Nos désirs ont déterminé la sélection en chahutant, comme dans une bataille rangée de polochons : pensez à une écrivaine des trois derniers siècles avant notre millénaire et sachez que l’un ou l’autre d’entre nous l’a proposée en défendant son choix. J’exagère un peu, mais guère.
Heureusement, c’est vrai, quelques critères nous ont guidés, à commencer par la publication précédente aux Saisons, La Ville vampire de Paul Féval, un roman d’aventures particulièrement inventif et drôle que nous apprécions tous, et son nouveau titre pour la réédition Ann Radcliffe contre les vampires, inspiré de la série télévisée dont la chasseuse de vampire est Buffy, vous l’aurez deviné. Cependant, plutôt que nous conformer à des critères forcément rigides, nous avons plutôt cherché une logique interne qui permette de mettre en scène des personnes ayant existé en même temps que les monstres de notre mythologie moderne, les unes et les autres dans un univers de littérature. La Ligue a pris consistance à ce moment-là : un comité international et occulte, un secret bien gardé, des écrivaines bien réelles et les créatures imaginaires qu’elles combattront pour la sauvegarde de l’humanité.
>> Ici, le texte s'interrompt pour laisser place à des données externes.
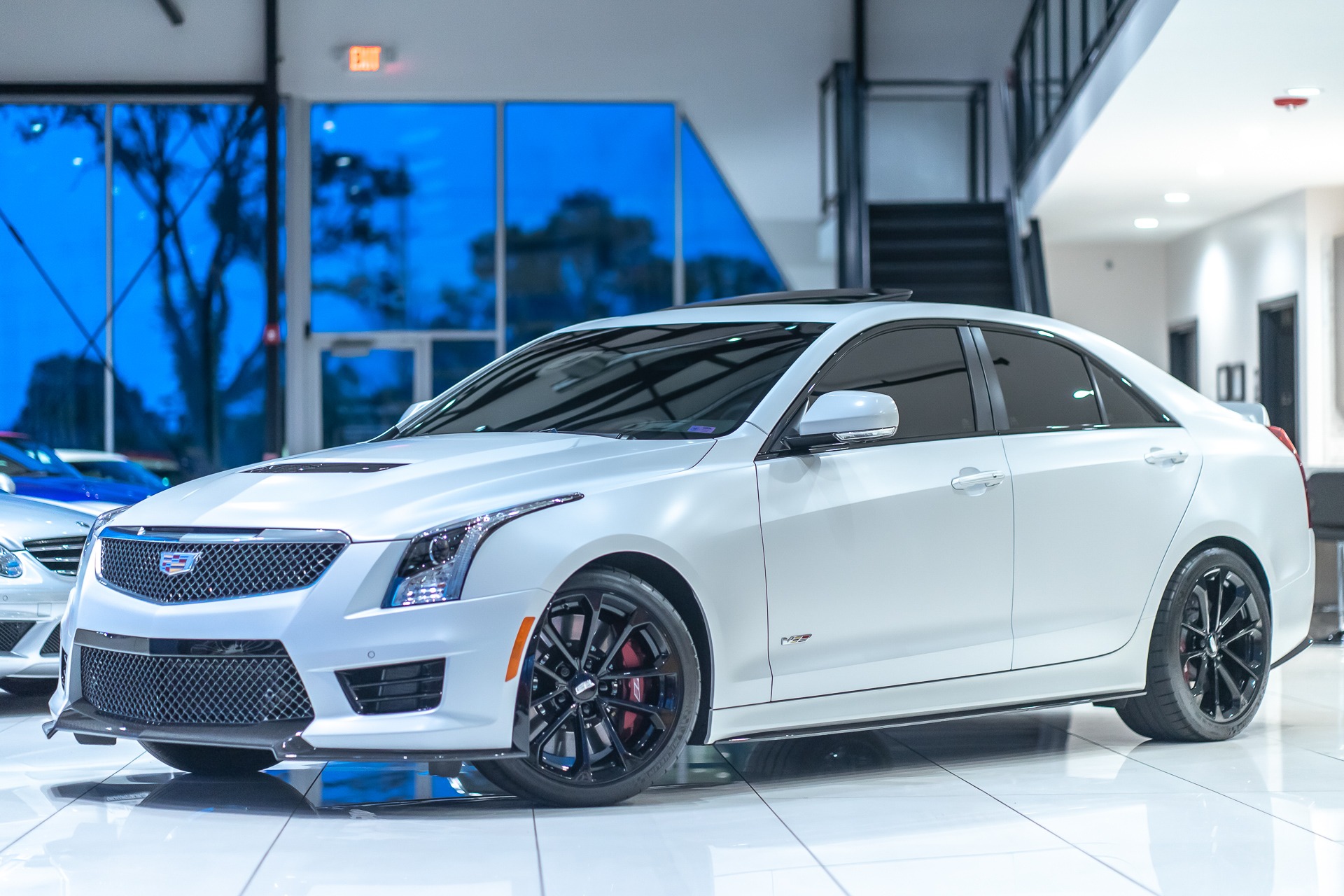 Used-2016-Cadillac-ATS-V-Sedan--21-OF-102-CRYSTAL-WHITE-FROST-EDITION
En bref, nous avons usé de notre background culturel pour en créer une facette supplémentaire. Après le fantastique et l’appropriation d’un genre connu depuis longtemps qui transforme les personnalités en héros d’aventures — les « edisonades », par exemple, étaient des pulps qui dès la fin du XIXe siècle racontaient les aventures fictives d’inventeurs clonés d’Edison, Villiers de l’Isle-Adam lui attribue le rôle principal de son roman-feuilleton L’Ève future en 1886 —, les critères de notre univers empruntent aux comics, on pense forcément aux Avengers, à la différence que nos écrivaines n’ont aucun pouvoir surhumain, elles eurent un talent bien humain qui a forgé notre imaginaire et notre culture à tous, elles écrivirent.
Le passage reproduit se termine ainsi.